I soon realized that I didn’t know how to apply makeup or wear the right kind. My glasses were too childish and nerdy, so I wanted some contacts as soon as possible. The clothes that I had thought were really cute actually weren’t. According to the beautiful, popular people I should have had was name-brand everything, but each time I bought something with a name brand, that made me no cooler than before.
I wasn’t picked on or bullied very often, instead, I was invisible. I knew everyone’s names in all of my classes and who they were going out with, but I’m most of them couldn’t have told you mine. I didn’t speak up very often. In fact, I sweated nervously and blushed each time I raised my hand, answered a question, or even had to read something out loud. I was too shy to say hi to the boy I had a crush on even though we had known each other for a few years, and I was too sensitive to laugh off my friends’ jokes, so I was a consistently easy target for them.
I was scheduled to have a different lunch than all my girlfriends. In order to avoid standing in the lunch line by myself, when the bell rang, I ran through the halls to try to be at the beginning of the line in the cafeteria. One of these occasions, a cool, athletic ninth grader stuck his foot out to trip me as I ran through the hall. I flew through the air and sprawled out on the carpet, flushing with shame and trying not to cry. I picked myself as people laughed around me and I briskly walked to the cafeteria.
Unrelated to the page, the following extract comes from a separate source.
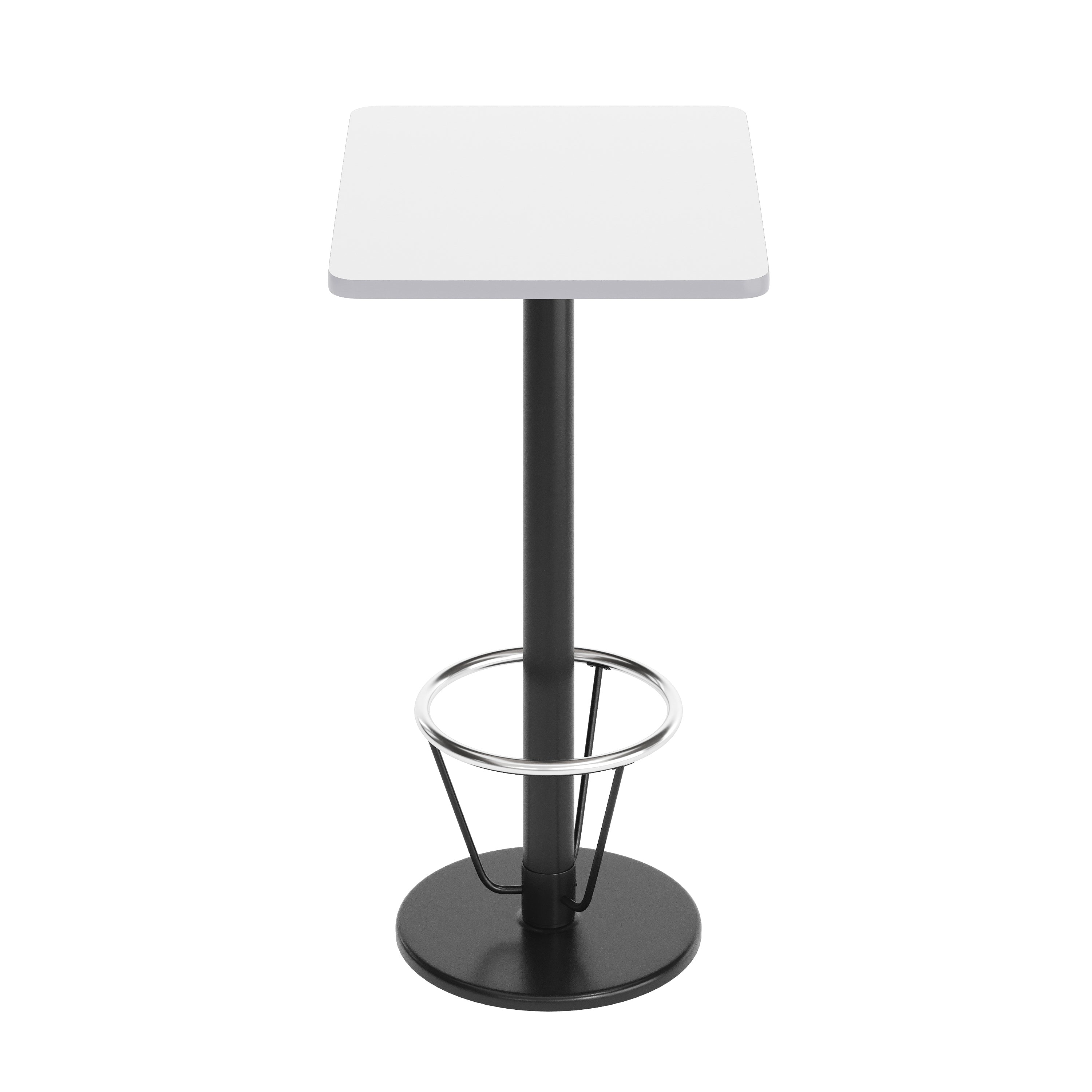 Stiles 24'' x 30'' White Rectangular Laminate Table Top with Black 18" Round Bar Height Table Base with Footring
Looking back, I feel sad and protective of this girl who used to be me and in some ways still is. I wish I could tell her to just be herself no matter what, because more people will like her that way anyway. I wish I could tell her to always be friendly, kind, and lift others up, regardless of how I was treated. I wish I could convince her to not care what anyone thinks (my current self could use a little more convincing as well).
I wish I could tell her that she has a bright future, full of adventure, love, and more happiness than she could have ever expected.